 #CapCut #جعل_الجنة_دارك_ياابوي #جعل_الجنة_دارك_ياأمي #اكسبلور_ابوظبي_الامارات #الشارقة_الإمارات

----------------

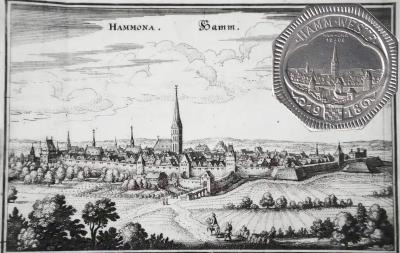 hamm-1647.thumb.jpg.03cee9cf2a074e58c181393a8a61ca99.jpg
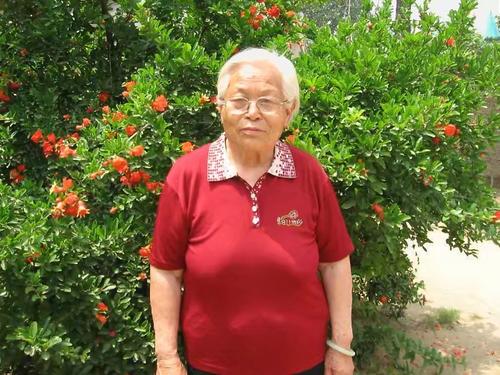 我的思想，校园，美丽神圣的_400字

----------------

Try it:
From the records above, give again only the part that opens with the line containing "hamm-1647.thumb.jpg.03cee9cf2a074e58c181393a8a61ca99.jpg" and closes with the line containing "我的思想，校园，美丽神圣的_400字". Keep both ends but drop the pictures.

Solution to the exercise:
 hamm-1647.thumb.jpg.03cee9cf2a074e58c181393a8a61ca99.jpg
 我的思想，校园，美丽神圣的_400字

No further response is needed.